Well, you have to do it.
If you really want him back, ignore him. I know it's hard to do that, but do it.

Can you tell me what is he diagnosed with?
(04-13-2012, 11:39 PM)Kewlz Wrote: [ -> ]Well, you have to do it.
If you really want him back, ignore him. I know it's hard to do that, but do it.

Can you tell me what is he diagnosed with?

i honestly cannot ignore him. i just cant. and he is diagnosed with Skitzophrenia
Best friend relationships don't work, especially if you tell all your secrets to them. This girl, who was my best friend when I was in France, we always spoke with each other and were like brothers and sisters, but when we went out, it was so awkward.

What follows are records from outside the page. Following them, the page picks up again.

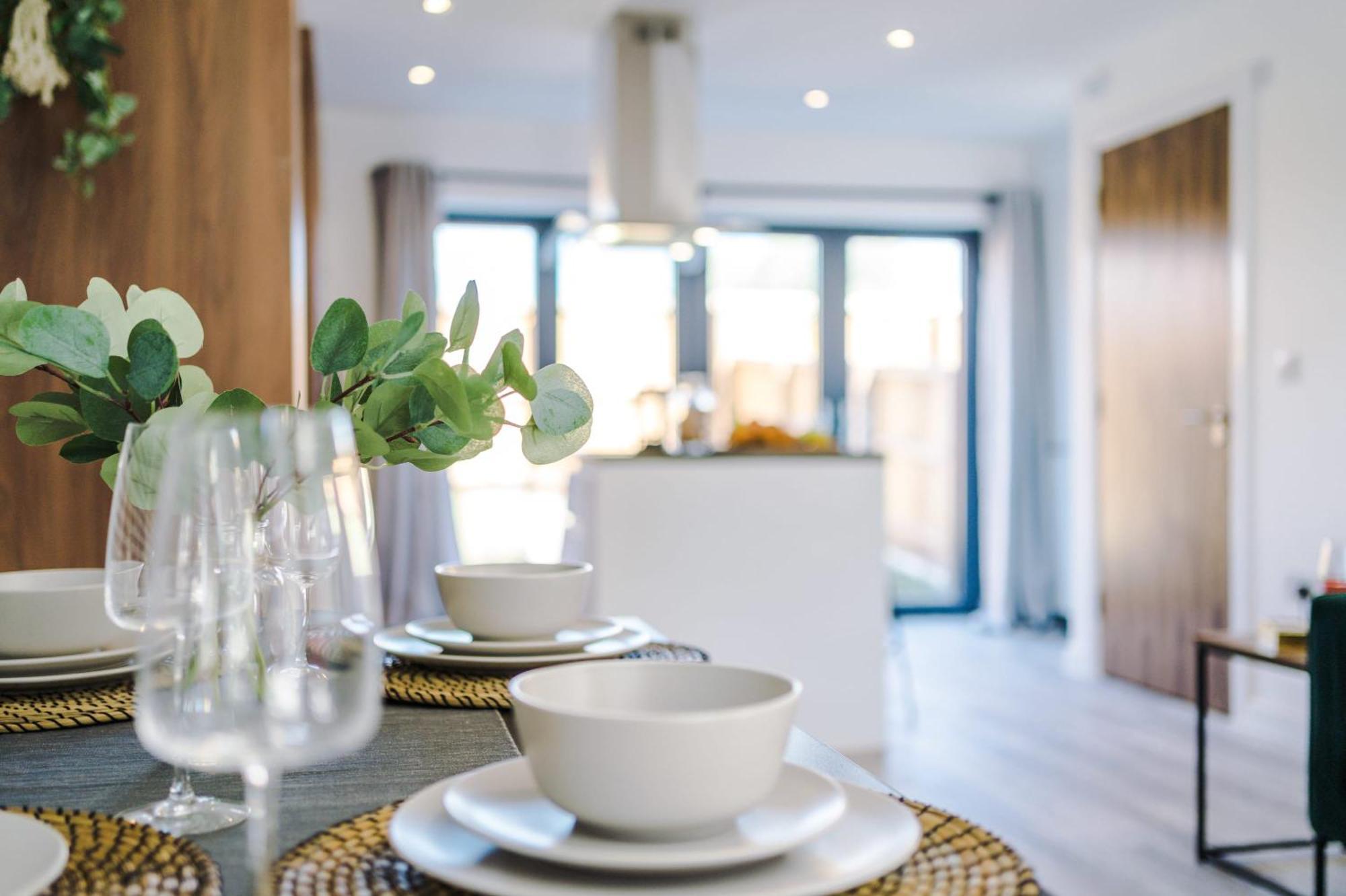 Rest&Recharge At Waterway House Villa Manchester Buitenkant foto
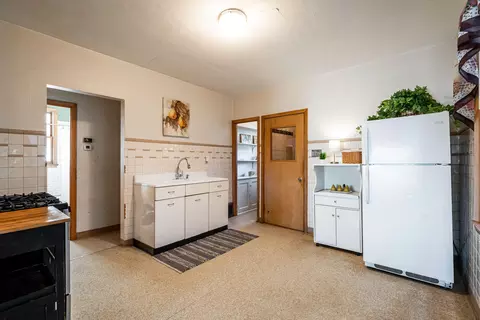2656 S 9th, Milwaukee, WI 53215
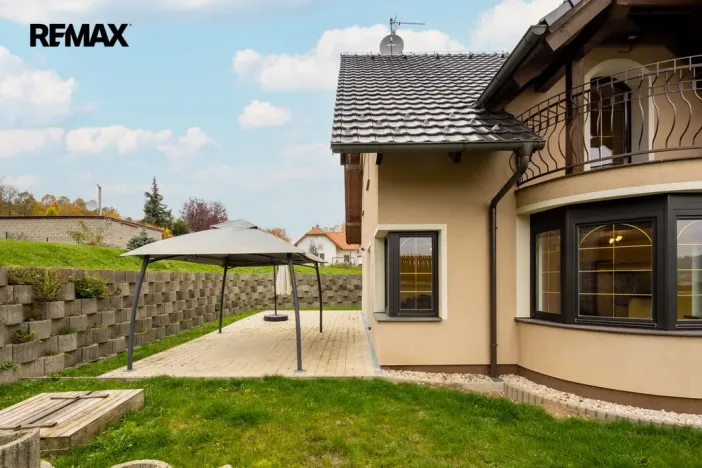 Prodej rodinného domu, Jenišov - Pod Rohem, K Rohu, 205 m2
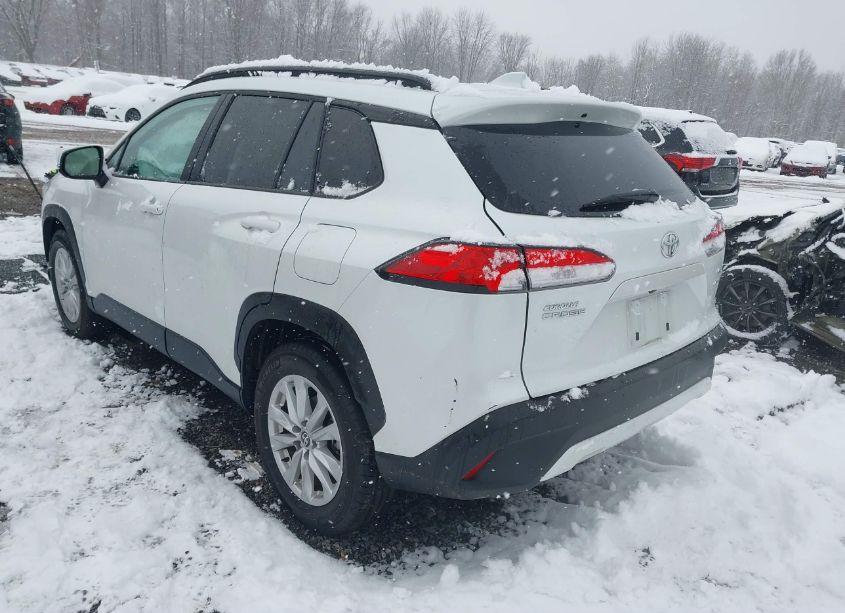 Photo 3 of 2023 Toyota Corolla CROSS LE (VIN 7MUBAABG3PV075276)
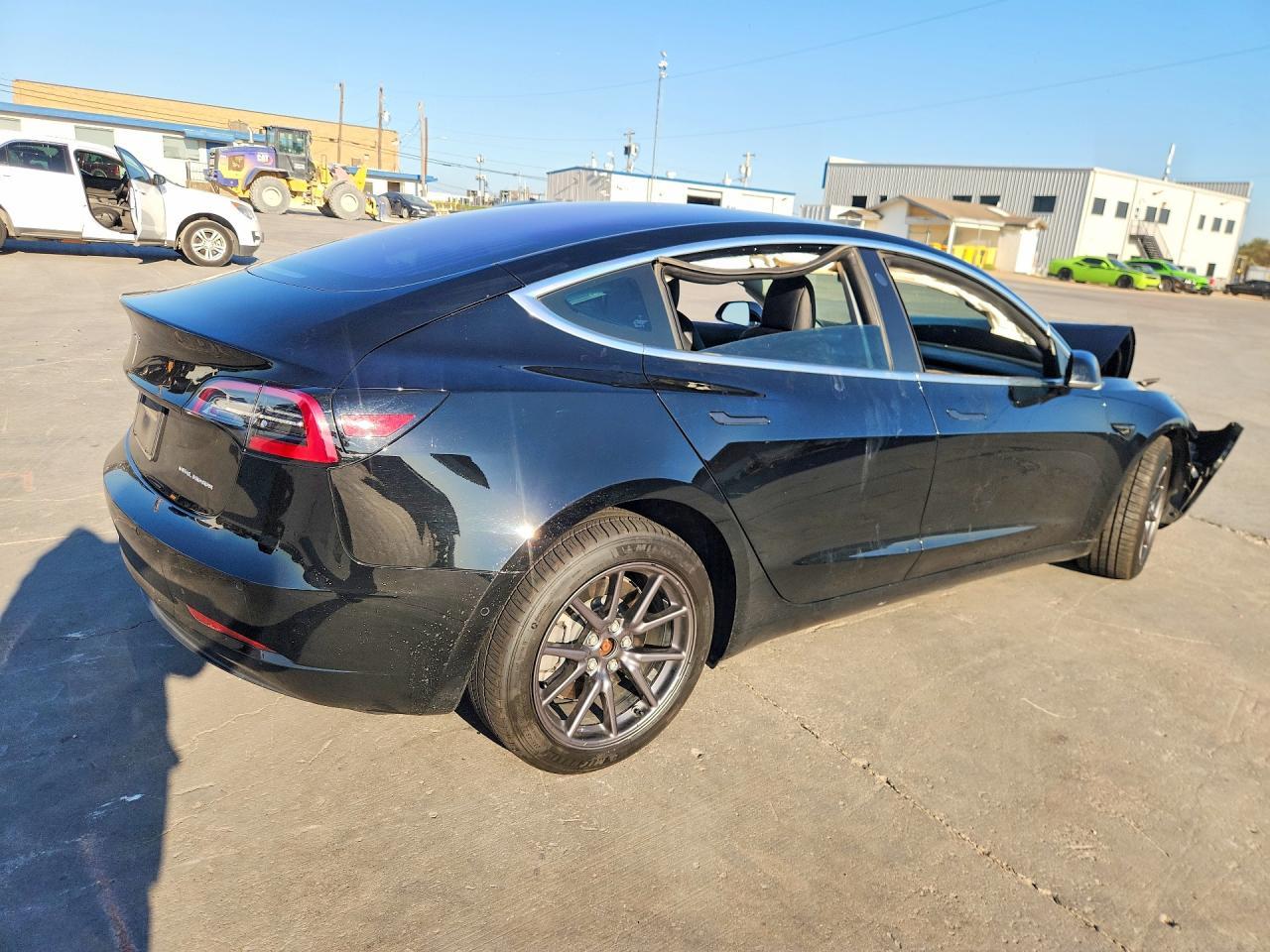 2019 Tesla Model 3 - Фото 3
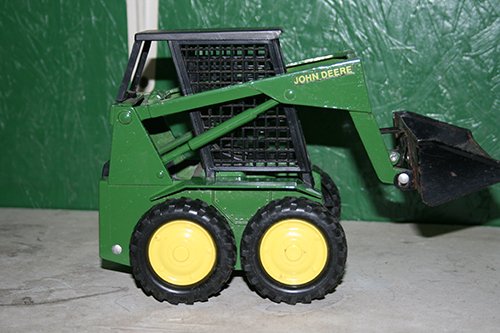 Property photo 73 - EQUIPMENT AUCTION-Dale Haupert Retirement Auction in Whitley County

You need to understand that this is puppy love. It might seem like you will marry him, but the fact is, you wont. Please tell me what would change if you did go out with him? Making out? Wow, you waste a friendship because of making out. If you're thinking about sex, then don't. Sex will just make everything worse, you're still young for sex.
nothing would change if we went out again. we already went out, it felt so good. i just felt even closer with him. and i dont wanna make out with him, and i sure dont want sex. im a 14 year old girl. like really... it doesnt seem like i will marry him either. just an 8th grade boyfriend that i hoped would last a while like he said it would. it wasn't awkward at all when we went out for me either.
You'll just get hurt if you have feelings for him. As I read your thread it clearly shows he's not interested in you.
You don't get my point. Teenage relationships are useless. You'll just end up being hurt, and you already have. When I was 14-15 myself, relationships meant everything, but because of it, I almost had to re-do a school year and I just ended up being hated by some people.
I'm a sophomore in high school (16), so I'm closer to your age than others on this website. I think that while relationships in middle school can be fun, they are normally not good for anything. Feelings change so quickly, and people normally can't tell what love is.

I know you're feeling sad right now, but I would just try to ignore him for several days. Then you just have to play it by ear.